-- Data follows --

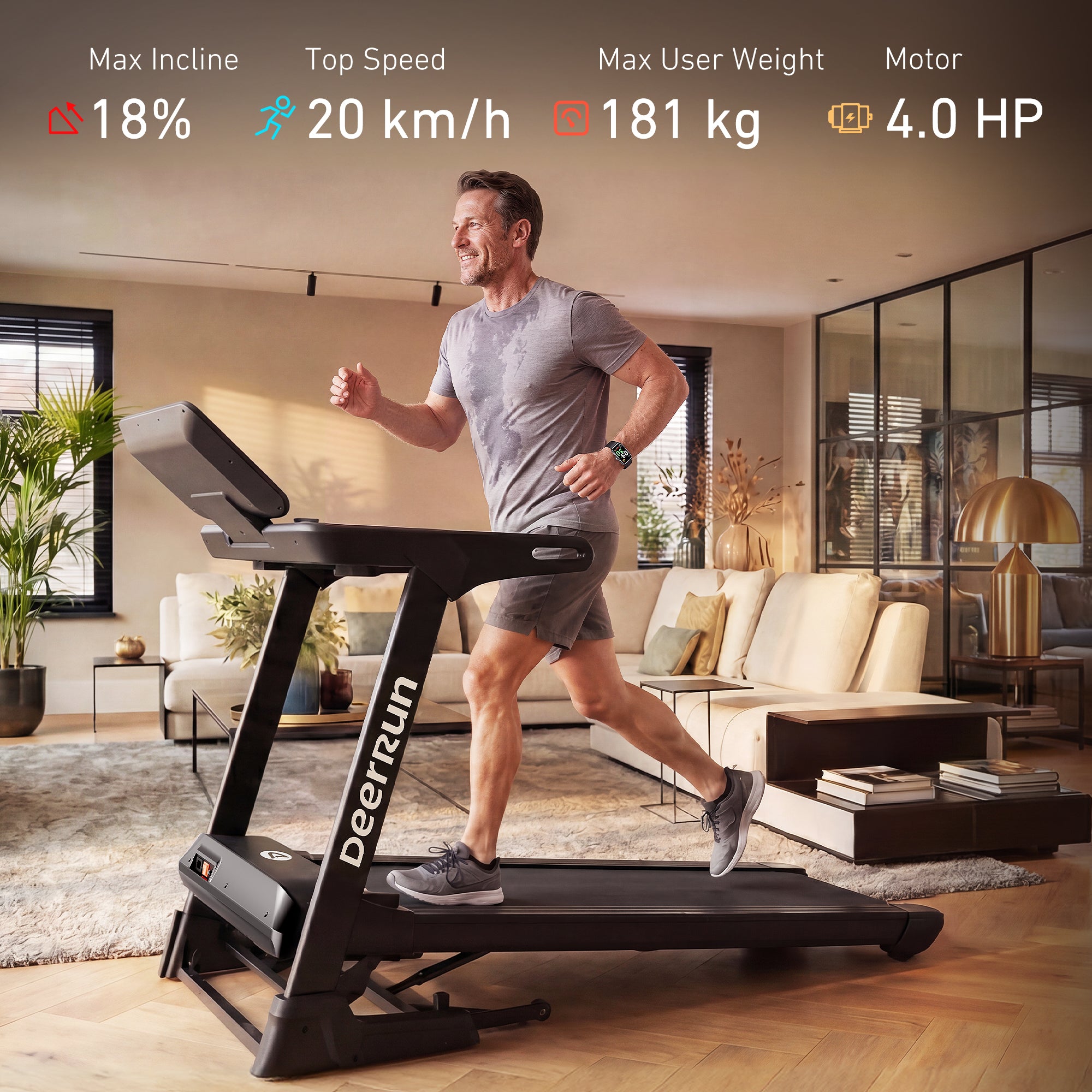 DeerRun Apex Pace 1 (X50) 18% Auto Incline High-Performance Treadmill for Serious Home Training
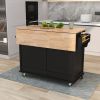 Kitchen Cart with Rubber wood Drop-Leaf Countertop, Concealed sliding barn door adjustable height,Kitchen Island on 4 Wheels with Storage Cabinet and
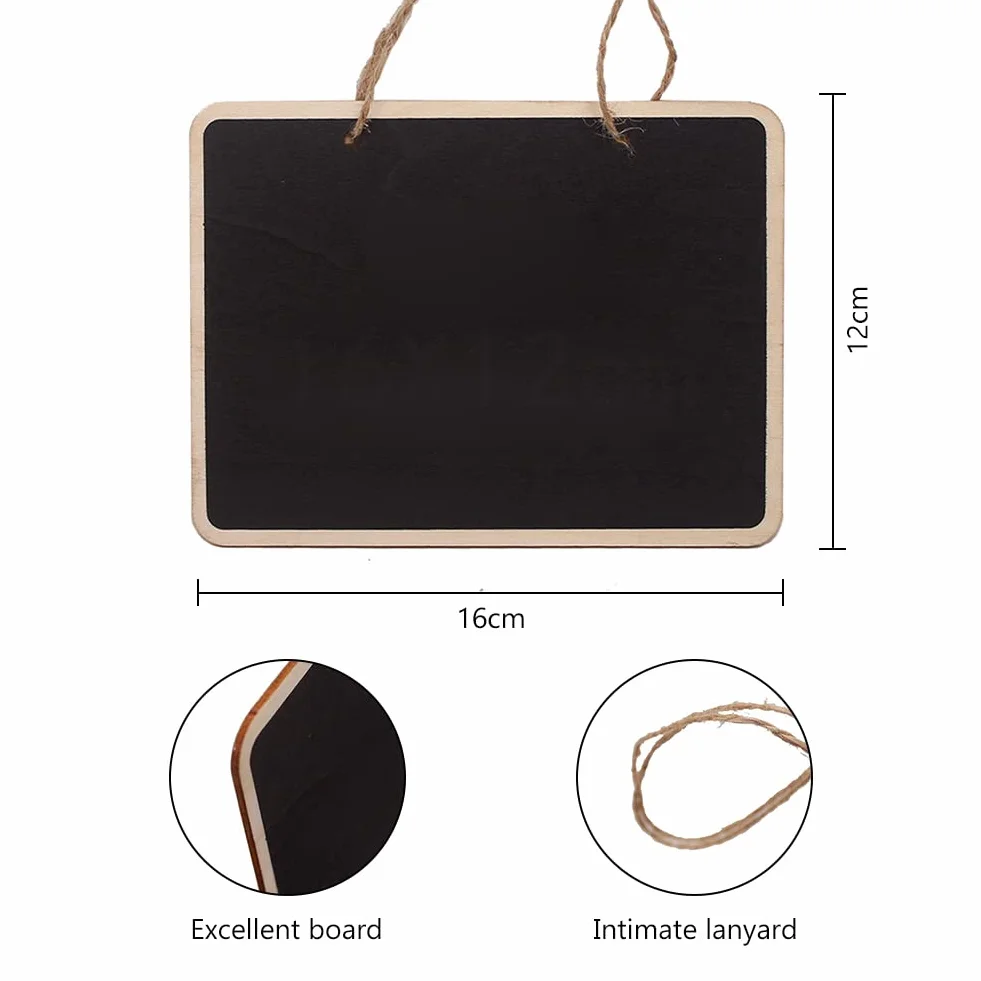 Mini pizarra de doble cara para colgar, 12 uds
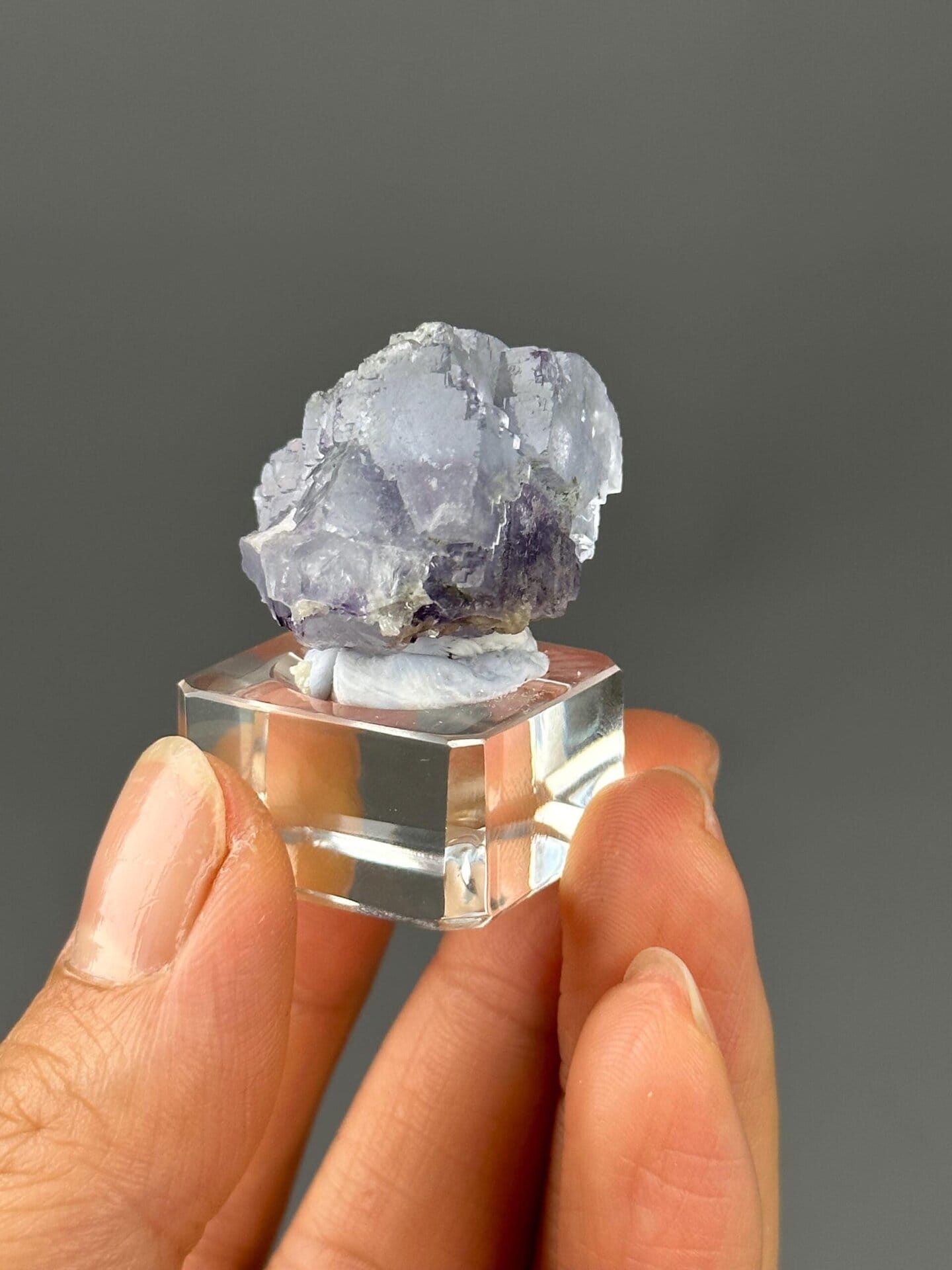 Twin fluorite miniature rainbow detail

-- Data concluded --

# [Requirement]
Leave out the pictures and repeat the remaining data exactly.

# [Response to the task]
 DeerRun Apex Pace 1 (X50) 18% Auto Incline High-Performance Treadmill for Serious Home Training
 Kitchen Cart with Rubber wood Drop-Leaf Countertop, Concealed sliding barn door adjustable height,Kitchen Island on 4 Wheels with Storage Cabinet and
 Mini pizarra de doble cara para colgar, 12 uds
 Twin fluorite miniature rainbow detail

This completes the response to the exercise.